Page 3 of Cruel Throne


Font Size:

I wander along a stone path, hands shoved deep in my pockets. The air smells like salt and lemon trees, a natural scent that could be bottled and sold as perfume, costing more than my mother’s old car.

A gardener kneels near a row of rose bushes, trimming them with surgical precision. When I pass, he nods without lookingup. Staff recognize staff. Or at least, they recognize the defeated slouch of someone who can’t afford to quit.

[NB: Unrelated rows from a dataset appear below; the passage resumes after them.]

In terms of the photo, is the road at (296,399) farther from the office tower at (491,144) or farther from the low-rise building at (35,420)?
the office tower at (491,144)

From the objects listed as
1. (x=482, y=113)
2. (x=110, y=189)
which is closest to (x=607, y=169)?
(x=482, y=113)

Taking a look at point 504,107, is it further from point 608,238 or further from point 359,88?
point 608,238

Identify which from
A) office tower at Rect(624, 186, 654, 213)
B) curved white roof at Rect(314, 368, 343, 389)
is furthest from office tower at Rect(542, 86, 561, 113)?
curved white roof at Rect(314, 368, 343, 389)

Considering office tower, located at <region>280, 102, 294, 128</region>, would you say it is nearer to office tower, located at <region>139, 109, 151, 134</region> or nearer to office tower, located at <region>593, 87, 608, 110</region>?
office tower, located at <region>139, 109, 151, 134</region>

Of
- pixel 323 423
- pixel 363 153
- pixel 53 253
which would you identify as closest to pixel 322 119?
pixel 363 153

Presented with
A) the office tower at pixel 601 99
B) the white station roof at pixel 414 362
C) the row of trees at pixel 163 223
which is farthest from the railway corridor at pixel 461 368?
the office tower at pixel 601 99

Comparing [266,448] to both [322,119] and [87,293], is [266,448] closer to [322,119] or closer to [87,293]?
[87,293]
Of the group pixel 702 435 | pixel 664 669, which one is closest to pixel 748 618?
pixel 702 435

I keep walking until the mansion rises across a long sweep of lawn. It looks different from this angle. More glass, more light, more angles to see everything I’m not supposed to touch.

I should turn around.

I don’t.

Because of her.

The girl standing on the balcony.

She’s leaning forward, elbows propped against the railing, staring out at the ocean, her brows furrowed like she’s trying to memorize the horizon. The wind lifts her hair—light blonde, glossy, long enough to whip across her face. She tucks it behind her ear in a motion so smooth it looks trained.

She wears white.

Not a simple white dress or some casual rich-girl outfit. No, this thing is made of silk that probably costs more than the entire staff earns in a month. It drips off her frame, soft and light, like it was carved out of air.

She looks . . . untouchable.

And bored.

Painfully, devastatingly bored.

Her eyes flick down. Land on me.

For a second—just one—her expression cracks.

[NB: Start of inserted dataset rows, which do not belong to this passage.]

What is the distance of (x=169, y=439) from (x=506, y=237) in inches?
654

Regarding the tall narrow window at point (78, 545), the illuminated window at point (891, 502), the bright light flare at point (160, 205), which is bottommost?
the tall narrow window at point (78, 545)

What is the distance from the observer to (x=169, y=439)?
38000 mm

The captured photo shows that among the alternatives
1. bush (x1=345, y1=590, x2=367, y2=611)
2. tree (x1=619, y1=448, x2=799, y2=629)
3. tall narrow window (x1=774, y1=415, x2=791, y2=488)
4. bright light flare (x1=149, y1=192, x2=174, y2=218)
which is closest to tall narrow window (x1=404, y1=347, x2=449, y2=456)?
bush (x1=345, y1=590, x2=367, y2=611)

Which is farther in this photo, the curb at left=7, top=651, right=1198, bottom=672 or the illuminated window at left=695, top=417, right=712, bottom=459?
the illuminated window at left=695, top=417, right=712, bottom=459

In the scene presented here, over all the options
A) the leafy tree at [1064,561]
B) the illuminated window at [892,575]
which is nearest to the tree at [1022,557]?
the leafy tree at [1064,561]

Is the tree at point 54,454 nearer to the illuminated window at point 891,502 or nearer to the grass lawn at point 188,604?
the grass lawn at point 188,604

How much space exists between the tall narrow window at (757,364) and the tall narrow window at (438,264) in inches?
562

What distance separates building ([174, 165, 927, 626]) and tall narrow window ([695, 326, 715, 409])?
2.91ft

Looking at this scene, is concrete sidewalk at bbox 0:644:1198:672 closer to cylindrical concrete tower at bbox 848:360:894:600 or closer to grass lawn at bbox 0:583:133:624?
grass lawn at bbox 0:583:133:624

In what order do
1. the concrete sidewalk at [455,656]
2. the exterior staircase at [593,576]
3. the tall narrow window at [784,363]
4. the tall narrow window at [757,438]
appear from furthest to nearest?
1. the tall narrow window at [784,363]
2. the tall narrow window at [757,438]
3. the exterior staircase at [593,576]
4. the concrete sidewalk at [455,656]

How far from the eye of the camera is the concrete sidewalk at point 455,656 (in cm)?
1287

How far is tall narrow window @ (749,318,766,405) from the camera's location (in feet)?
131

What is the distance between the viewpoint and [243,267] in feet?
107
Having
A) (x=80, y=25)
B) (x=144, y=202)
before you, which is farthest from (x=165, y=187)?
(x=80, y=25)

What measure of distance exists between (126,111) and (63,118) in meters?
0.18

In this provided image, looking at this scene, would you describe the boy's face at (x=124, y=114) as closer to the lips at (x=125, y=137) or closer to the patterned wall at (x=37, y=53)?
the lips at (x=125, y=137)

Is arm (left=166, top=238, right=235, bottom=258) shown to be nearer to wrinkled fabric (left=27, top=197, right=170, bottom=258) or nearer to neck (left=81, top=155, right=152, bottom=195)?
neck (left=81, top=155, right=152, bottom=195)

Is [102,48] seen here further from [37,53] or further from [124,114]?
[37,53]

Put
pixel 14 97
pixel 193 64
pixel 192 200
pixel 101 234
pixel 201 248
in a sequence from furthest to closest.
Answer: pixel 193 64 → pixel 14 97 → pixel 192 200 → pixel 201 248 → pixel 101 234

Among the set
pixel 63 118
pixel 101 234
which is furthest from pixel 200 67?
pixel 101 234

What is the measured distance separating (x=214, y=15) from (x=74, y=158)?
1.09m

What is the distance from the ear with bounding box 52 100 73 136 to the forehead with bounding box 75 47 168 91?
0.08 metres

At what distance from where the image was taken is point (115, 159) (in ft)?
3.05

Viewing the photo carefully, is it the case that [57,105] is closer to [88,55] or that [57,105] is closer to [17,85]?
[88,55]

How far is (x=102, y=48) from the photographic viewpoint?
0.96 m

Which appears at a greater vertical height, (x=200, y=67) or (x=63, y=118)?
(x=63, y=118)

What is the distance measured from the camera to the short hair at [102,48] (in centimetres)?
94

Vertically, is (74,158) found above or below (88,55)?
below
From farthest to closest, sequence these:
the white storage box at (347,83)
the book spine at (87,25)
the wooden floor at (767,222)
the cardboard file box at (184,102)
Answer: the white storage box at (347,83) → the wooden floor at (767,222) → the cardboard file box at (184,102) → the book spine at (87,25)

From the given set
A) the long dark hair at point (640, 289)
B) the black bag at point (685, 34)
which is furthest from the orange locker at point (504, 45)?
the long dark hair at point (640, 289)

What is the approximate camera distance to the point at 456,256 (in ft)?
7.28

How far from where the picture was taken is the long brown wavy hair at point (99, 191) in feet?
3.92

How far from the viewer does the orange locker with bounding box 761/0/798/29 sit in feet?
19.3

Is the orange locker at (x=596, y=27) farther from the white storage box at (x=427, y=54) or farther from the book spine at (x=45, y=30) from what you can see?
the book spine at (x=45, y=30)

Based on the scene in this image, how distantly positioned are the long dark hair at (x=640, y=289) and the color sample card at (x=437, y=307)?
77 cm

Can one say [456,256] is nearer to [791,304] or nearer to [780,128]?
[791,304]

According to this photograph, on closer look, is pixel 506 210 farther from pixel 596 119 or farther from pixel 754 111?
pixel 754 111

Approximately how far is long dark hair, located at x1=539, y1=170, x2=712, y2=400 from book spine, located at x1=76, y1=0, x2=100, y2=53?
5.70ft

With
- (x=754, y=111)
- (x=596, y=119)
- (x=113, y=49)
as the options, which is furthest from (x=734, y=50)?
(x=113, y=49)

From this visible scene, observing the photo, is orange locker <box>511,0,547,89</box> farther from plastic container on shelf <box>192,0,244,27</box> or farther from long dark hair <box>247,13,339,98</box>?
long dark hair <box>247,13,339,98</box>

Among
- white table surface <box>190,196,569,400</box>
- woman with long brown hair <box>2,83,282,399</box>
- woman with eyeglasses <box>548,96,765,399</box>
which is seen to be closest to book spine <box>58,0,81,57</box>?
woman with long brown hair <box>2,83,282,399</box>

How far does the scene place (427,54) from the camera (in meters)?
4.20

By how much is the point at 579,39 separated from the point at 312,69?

Not disdain. Not superiority.

Curiosity.

The dangerous kind.

I immediately look away.

The last thing I need is to get noticed by someone who can ruin our lives with one complaint.

I head back toward the path.

“Hey.”

Her voice drops from above like a coin tossed into a wishing well.

I freeze.

God-fucking-dammit.

I pause but don’t say anything until she repeats herself in that same detached tone.

Finally, I turn. She’s still on the balcony, leaning over the rail more now, studying me the way kids study animals at the zoo. Except she doesn’t have that smug, tight-lipped smile I usually see on rich people. She looks . . . fascinated.

And fascinated is worse.

Fascinated pays attention.

She rests her elbow on the railing and her chin on her open palm to better stare at me. “Who are you?”